The Library of Congress announced to its staff in mid-March that it would close the current European Reading Room (ERR) space in April and convert it into an exhibition area. This development caused an outcry in the historical community amid concerns the ERR would be permanently closed or after a lengthy relocation delay that the facility would be moved into smaller inadequate space with a loss of research staff. On April 3, 2008, the Library of Congress announced that “contrary to recent concerns” that the European Reading room would not be closed, but relocated.
The press release said that this summer, the reading room would be relocated to the Southeast Pavilion, in the Jefferson Building. The press release said, “We will sustain in the new configuration all scholarly usage that has been made available in the current configuration of the European Reading Room. There will be no loss or interruption of service, and ample room to accommodate the maximum number of readers that has ever used the current reading space.”

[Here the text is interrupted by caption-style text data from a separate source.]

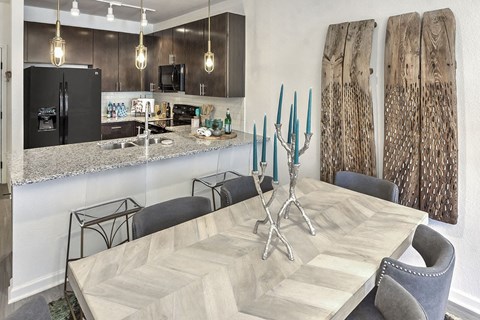 Gourmet Kitchen at Residence at Tailrace Marina, Mount Holly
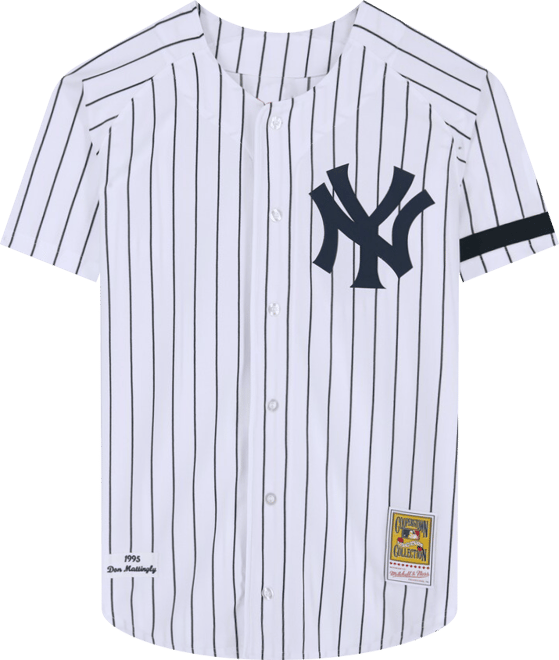 Shop Mitchell Ness New York Yankees Jeter Authentic Pinstripe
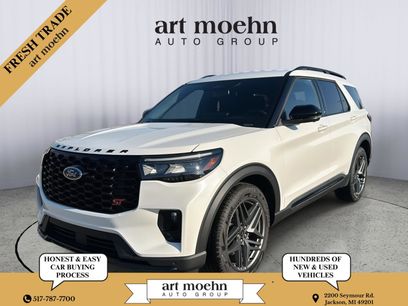 Used 2025 Ford Explorer ST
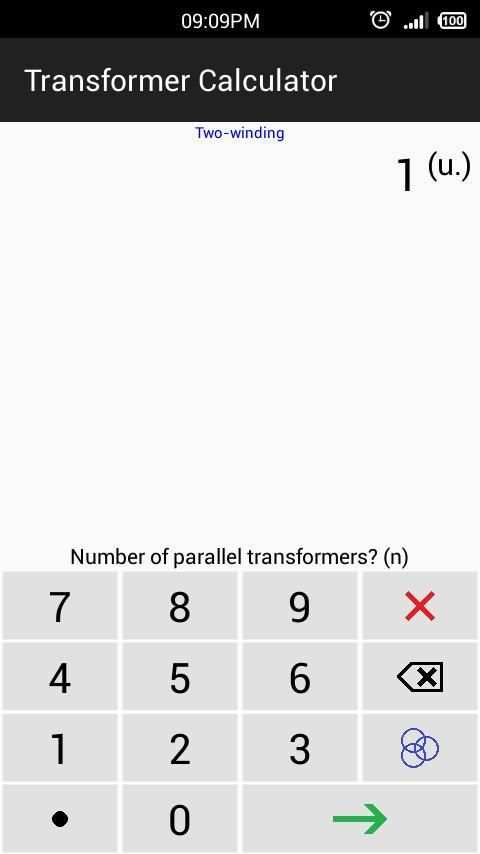 Transformer Calculator स्क्रीनशॉट 7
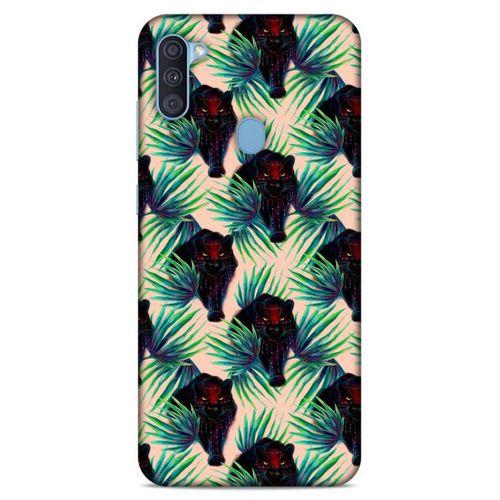 Lopard Samsung Galaxy A11 Uyumlu Kılıf Manipülasyon ☻ (6) Silikon Kılıf Desenli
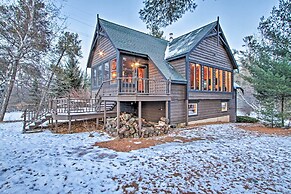 Waterfront Arkdale Retreat: 2 Acres w/ Deck & View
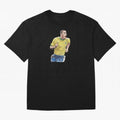 Ronaldo Oversized T-Shirt Celebrate Rivalries and Pride in FIFA World Cup 2026 USA Canada Mexico Spirit, Celebrating Spain, Haaland and Mbappe, Classic Soccer Heritage, Championship Pressure, Fan Loyalty and International Pride; Created for Match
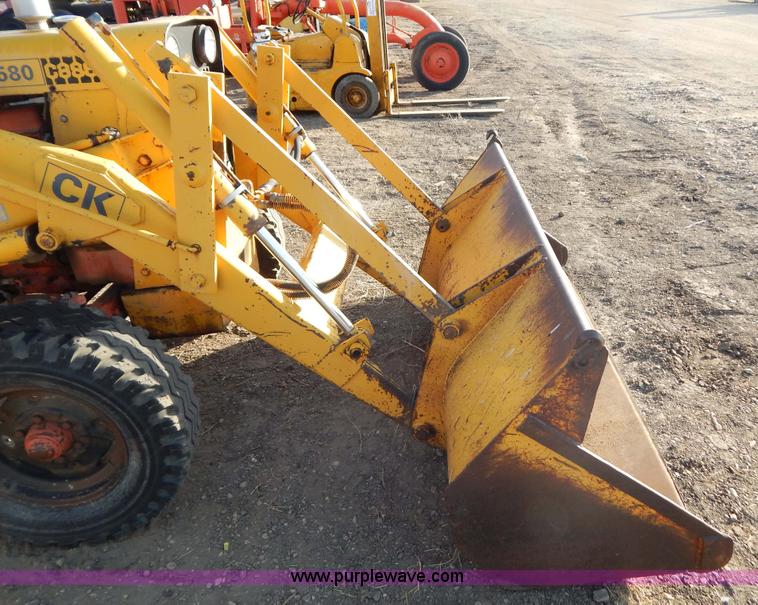 image for item I4487 1970 Case 580 Construction King tractor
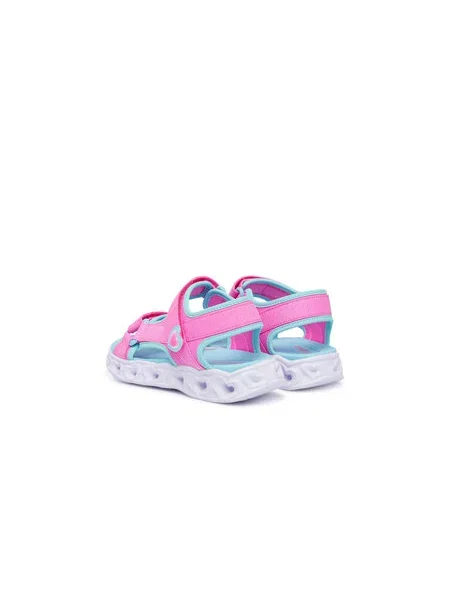 Sandály Skechers Heart Lights Sandals růžová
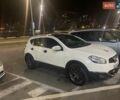 Белый Ниссан Кашкай, объемом двигателя 1.5 л и пробегом 210 тыс. км за 9400 $, фото 1 на Automoto.ua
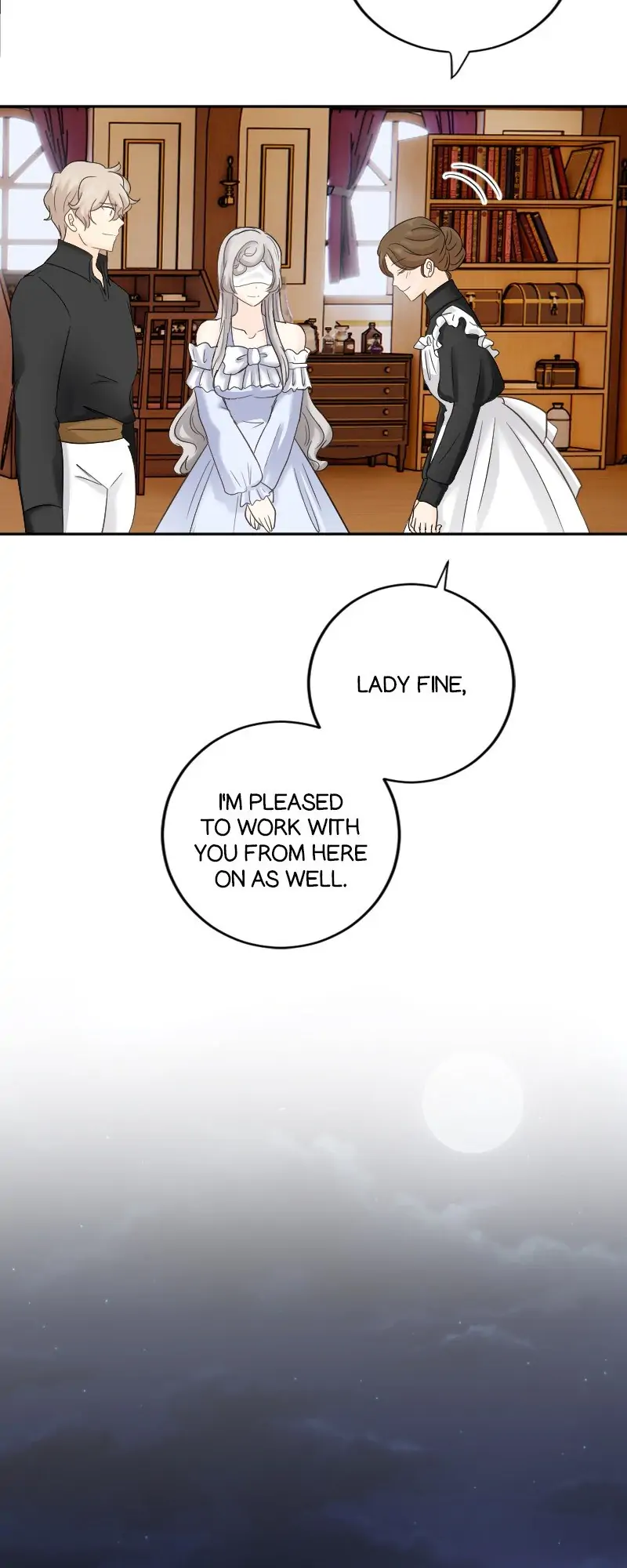 The Isolated King and the Imprisoned Princess Chapter 10 - page 22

In talking to one of the historians leading the opposition to the relocation, we were told that removal of reference material will commence on or before April 21 and the European Reading Room will close no later than May 1. The current space will then be transformed into an exhibit honoring the bicentennial of the birth of Abraham Lincoln. However, according to this historian, the Southern Pavilion is still completely bare and despite assurances from the Library of Congress, there are fears that researchers will face a major disruption in services.
A group of scholars, known as the Coalition to Save the European Reading Room has been formed to protest the relocation of the ERR and to lobby congress and the Library’s management to ensure that there is no interruptions of service or diminution in the quality of the facilities and staffing in the new location.